On the night of the succeeding day, Soult, alarmed by Wellington’s movements on the road to Carcassone, retired from the city, which next morning was taken possession of by the allies, although the French unblushingly assert that they gained a victory.
There was seldom a bloodier, and never a more useless, battle fought than that of the 10th of March, for on the evening of the 12th a British and French field officer, Colonels Cooke and St. Simon, arrived at the allied headquarters, with intelligence that, on the 3rd, hostilities had ceased, and the war was virtually terminated. A courier, despatched from the capital with this important communication, had been unfortunately interrupted in his journey; and in ignorance of passing events, the contending armies wasted their best energies, and lost many of their bravest on both sides, in a bootless and unnecessary encounter.

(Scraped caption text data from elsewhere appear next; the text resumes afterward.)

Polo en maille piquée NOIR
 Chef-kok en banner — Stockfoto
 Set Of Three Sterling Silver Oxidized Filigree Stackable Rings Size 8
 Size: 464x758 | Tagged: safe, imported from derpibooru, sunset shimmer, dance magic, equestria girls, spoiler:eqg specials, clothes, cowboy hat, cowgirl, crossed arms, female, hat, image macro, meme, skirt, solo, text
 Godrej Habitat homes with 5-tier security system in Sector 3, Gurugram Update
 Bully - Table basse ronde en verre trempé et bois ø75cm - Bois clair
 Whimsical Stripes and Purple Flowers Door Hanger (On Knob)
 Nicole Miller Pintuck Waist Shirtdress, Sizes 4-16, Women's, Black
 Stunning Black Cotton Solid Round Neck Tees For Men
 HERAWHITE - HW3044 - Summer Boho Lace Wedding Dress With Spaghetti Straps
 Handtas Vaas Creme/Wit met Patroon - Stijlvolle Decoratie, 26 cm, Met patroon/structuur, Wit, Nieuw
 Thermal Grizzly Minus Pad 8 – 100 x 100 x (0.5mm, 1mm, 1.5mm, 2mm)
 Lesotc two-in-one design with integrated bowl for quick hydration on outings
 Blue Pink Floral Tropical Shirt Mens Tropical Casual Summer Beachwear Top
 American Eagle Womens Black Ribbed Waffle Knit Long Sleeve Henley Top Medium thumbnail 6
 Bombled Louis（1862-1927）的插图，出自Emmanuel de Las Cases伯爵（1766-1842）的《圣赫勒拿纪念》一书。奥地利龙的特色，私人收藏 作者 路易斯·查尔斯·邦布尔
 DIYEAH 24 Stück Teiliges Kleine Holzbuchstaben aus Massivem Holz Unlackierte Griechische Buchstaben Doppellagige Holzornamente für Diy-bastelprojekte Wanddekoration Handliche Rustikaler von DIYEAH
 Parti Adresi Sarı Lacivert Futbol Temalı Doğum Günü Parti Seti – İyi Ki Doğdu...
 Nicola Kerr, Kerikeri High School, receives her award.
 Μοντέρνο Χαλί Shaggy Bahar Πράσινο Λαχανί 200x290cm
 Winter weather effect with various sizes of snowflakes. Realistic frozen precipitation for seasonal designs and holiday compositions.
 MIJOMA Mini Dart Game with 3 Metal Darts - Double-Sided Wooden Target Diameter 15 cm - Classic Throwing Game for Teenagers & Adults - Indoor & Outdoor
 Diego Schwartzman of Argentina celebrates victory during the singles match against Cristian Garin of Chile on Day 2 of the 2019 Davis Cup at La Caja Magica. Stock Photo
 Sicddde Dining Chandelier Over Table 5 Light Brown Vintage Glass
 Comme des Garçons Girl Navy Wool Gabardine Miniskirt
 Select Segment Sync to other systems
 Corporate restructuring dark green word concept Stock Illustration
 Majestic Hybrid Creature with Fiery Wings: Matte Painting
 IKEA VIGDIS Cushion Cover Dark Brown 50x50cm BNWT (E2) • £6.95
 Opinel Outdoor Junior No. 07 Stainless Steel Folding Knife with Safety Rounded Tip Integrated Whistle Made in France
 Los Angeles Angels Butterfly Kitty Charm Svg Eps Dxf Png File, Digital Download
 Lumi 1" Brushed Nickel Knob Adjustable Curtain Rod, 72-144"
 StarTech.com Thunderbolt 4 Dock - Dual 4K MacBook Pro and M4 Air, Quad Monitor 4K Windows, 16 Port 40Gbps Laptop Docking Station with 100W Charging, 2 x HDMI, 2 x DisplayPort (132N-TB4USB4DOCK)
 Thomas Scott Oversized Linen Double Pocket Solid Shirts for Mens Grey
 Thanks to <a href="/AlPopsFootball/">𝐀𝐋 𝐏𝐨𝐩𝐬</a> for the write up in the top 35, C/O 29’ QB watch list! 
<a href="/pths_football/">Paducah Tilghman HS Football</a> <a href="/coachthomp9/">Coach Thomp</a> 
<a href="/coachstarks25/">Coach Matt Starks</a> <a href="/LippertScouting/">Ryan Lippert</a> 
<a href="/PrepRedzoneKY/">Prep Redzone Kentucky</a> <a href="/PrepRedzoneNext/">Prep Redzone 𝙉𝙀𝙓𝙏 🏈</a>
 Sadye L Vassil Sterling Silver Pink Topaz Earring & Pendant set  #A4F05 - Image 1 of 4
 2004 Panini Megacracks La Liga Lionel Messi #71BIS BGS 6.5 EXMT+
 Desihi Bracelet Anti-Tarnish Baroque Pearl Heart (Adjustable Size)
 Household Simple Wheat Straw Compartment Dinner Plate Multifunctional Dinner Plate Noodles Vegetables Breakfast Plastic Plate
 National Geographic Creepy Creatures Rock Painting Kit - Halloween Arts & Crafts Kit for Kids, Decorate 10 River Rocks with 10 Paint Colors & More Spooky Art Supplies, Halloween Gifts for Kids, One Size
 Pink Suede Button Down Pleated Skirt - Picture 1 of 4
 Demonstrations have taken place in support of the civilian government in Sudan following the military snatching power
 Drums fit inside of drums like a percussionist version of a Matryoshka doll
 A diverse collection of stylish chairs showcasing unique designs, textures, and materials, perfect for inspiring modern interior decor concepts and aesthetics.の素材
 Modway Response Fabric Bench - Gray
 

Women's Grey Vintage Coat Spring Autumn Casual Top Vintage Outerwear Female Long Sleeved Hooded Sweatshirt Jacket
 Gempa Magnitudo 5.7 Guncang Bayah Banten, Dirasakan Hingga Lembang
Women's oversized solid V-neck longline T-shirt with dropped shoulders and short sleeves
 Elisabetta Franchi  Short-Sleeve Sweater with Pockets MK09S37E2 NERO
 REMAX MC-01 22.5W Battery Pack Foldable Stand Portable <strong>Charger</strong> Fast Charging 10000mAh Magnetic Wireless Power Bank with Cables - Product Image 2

Soult, on having the abdication of Napoleon formally notified to him on the night of the 13th, refused to send in his adherence to the Bourbons, merely offering a suspension of hostilities, to which Lord Wellington most properly objecting, instantly recommenced his pursuit of the French marshal’s beaten divisions.
The bold and decisive measures of the allied leader doubtless hastened the Duke of Dalmatia in making his decision, and, on the arrival of a second official communication, Soult notified his adherence, and hostilities ceased. Suchet had already shewn him the example, and Toulouse displayed the white flag. A line of demarcation was made by commissioners between the rival armies, and a regular convention signed by the respective commanders.
On the 27th, Thouvenot was instructed by Soult to surcease hostilities, and acknowledged the Bourbons--the lilies floated over the citadel--and saluted by three hundred rounds of artillery, Napoleon’s abdication, and the restoration of the Bourbons, were formally announced.
With political events we have no business, and it is sufficient to cursorily observe, that arrangements were effected for Napoleon’s retirement from public life to the “lonely isle,” where he might still, in fancy, “call himself a king.” To this secluded spot, many of his old and devoted followers accompanied him. Peace was generally proclaimed over Europe; tranquillity restored in France; the “Grand Nation,” to all appearance, contented itself with the change of government; the allied sovereigns retired with their respective corps, each to his own dominions; and the victorious army of Wellington quitted the French soil, on which it had consummated its glory; and received, on landing on the shores of Britain, that enthusiastic welcome which its “high deeds” and boundless gallantry deserved from a grateful country.